Every line of the listing below should come back exactly as written, with no images.

▶ **COLLECTED MATERIAL**:
------------------------------

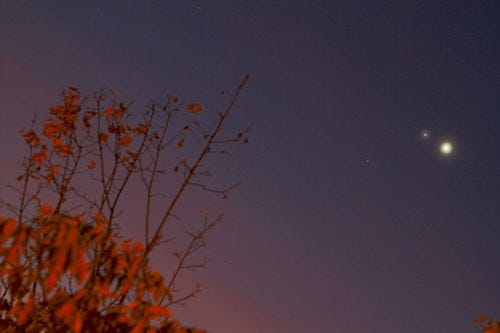 Planets frequently appear near each other in the sky, when viewed relatively near the Sun. From left are Jupiter, Mars and Venus seen on the morning of Oct. 25, 2015.
Radoslaw Ziomber/Wikimedia Commons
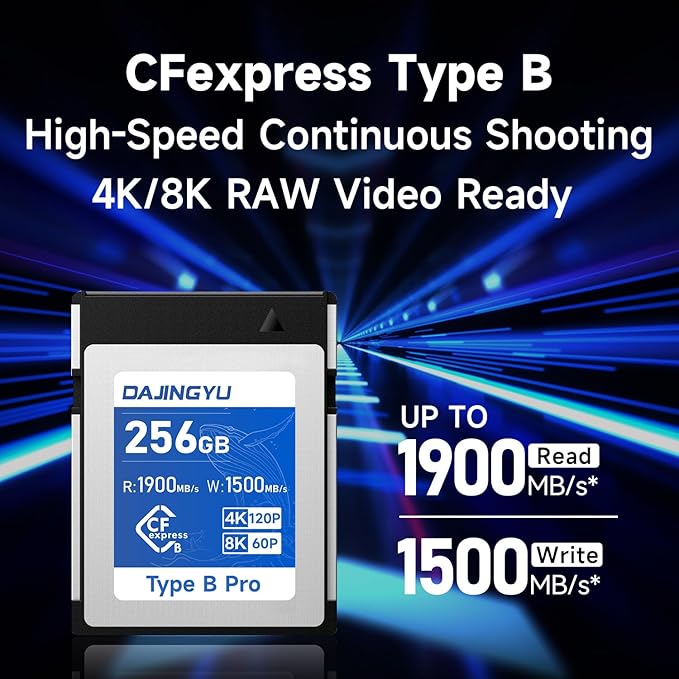256GB CFexpress Type B Memory Card Up to 1900/1500 MB/s Read/Write- Shooting Video and Photo 4K/120P RAW Compatible with Nikon Canon panasonic Fujifilm Camera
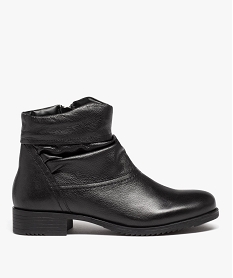 GEMO Boots femme confort dessus en cuir uni et plissé Noir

------------------------------

▶ **ANSWER SPACE**:
 Planets frequently appear near each other in the sky, when viewed relatively near the Sun. From left are Jupiter, Mars and Venus seen on the morning of Oct. 25, 2015.
Radoslaw Ziomber/Wikimedia Commons
256GB CFexpress Type B Memory Card Up to 1900/1500 MB/s Read/Write- Shooting Video and Photo 4K/120P RAW Compatible with Nikon Canon panasonic Fujifilm Camera
 GEMO Boots femme confort dessus en cuir uni et plissé Noir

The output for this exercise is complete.